Starting out as an abandoned warehouse at 5712 U.S. 49 South, The Fieldhouse has turned into a safe haven for hundreds of people in need.
The Fieldhouse for the Homeless, established by Priscilla Brown and Cynthia Young in the summer of 2013, has brought support and opportunities to the Hattiesburg homeless community and to local volunteers.
“Every day there are new people [at the shelter],” said Fieldhouse co-founder Cynthia Young. “It’s hard to put a number on how many there are.”
The Fieldhouse has changed lives the past three years, providing those in need with warmth or cool air, a resting place, bathrooms, showers, laundry, help with job searches, health screenings, housing assistance, I.D. assistance and other services homeless men and women struggle to attain.
Each homeless individual has a unique personal story behind his or her current situation. Brown and Young said they have made it The Fieldhouse’s mission to make homelessness a season of life rather than a way of life.
The Fieldhouse offers counseling, personal hygiene supplies, showers, a washer, dryer, transportation, bus tokens, access to telephones, access to computers, access to clothing, medical vouchers, family reunification assistance, pre-employment training and support, state I.D. assistance, emergency food and shelter, application assistance for SSI, VA Benefits, SNAP and FAFSA.
The shelter aims to provide “barrier-free services to empower those who find themselves in a desperate situation,” according to its website.
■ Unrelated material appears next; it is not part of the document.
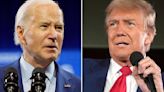 Biden proposes 2 Trump debates but won't participate nonpartisan commission's debates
Multiple organizations in the community support The Fieldhouse, hence its notable success in supporting the homeless. The shelter coordinates with Salvation Army, Christian Services, St. Vincent’s De Paul, Hope House, R3SM, PRVO, MUTHE and other churches and synagogues in the area.
“God has shown up ever since the doors have been open,” Young said. “A lot of the times, when we’re talking about the things we need, someone shows up with that thing. It happens all the time. God is just in charge.”
Young’s and Brown’s dream is “to create a ministry that would provide a safe, nurturing environment to homeless people in Hattiesburg while also providing them with the materials necessary to begin a more stable phase in their lives.”
“We saw the need for people who are really hungry on the weekend and on holidays, so that is definitely a major gap that we’re trying to fill in, and we’re just trying to get the community to embrace what we’re doing,” Young said.
Rachel West, 33, works at the shelter greeting newcomers and tending to people’s needs by day.
“They know I struggle with alcoholism daily, so they put me to work,” she said.
By night, she lives in a tent behind the shelter.
“I don’t get cold and I don’t get rained on,” West said. “I’ve got a tent mansion out there. At nighttime, when I leave, it’s another story. I try really hard. I really do, but it’s hard.”
West first came to the shelter seeking help three years ago.
“When I came here, I came here with absolutely nothing,” she said. “When I left for a year, Igotmeajob,andIusedthe money in negative ways: drugs [and] alcohol. I still struggle with alcoholism a lot. It’s a daily struggle. The sisters just took me in, and they’ve given me everything I need. The sisters take care of us.”
The shelter collaborates with Christian Services, which supplies food throughout the week. Churches, local organizations and schools often donate to The Fieldhouse.
Hattiesburg Mayor Johnny DuPree visited the shelter Wednesday morning and donated money to fix the facility’s sewage problems.
“Some people think of The Fieldhouse as ‘all those dirty, nasty homeless people,’” West said. “But then you have others that absolutely love this place, love what the sisters are doing and they come and are ready to volunteer here. You come here, and this feels like home. And it is home. I know for me,it is home. This place is a refuge for a lot of people. It’s a Christian- based refuge. We have devotion every morning and night.”
West hopes to write music full time in the future as she gets backs on her feet.
Joshua Barnes, 26, has received assistance from both The Fieldhouse and the Salvation Army, but despite the help he received, he still struggled with homelessness.
“I have faced life and death experiences,” he said. “Being homeless has truly changed my life forever and has opened my eyes and brought me to where I was meant to be.It had to be one of the darkest times I have ever faced. But I’m still alive. I survived.”
Barnes is now living in a home and has a paying job.
“After two years of agony, I am no longer homeless,” he said.
The Fieldhouse continues to support people in need, regardless of background or situation. Brown and Young are in further collaborations with organizations to support the growth of The Fieldhouse.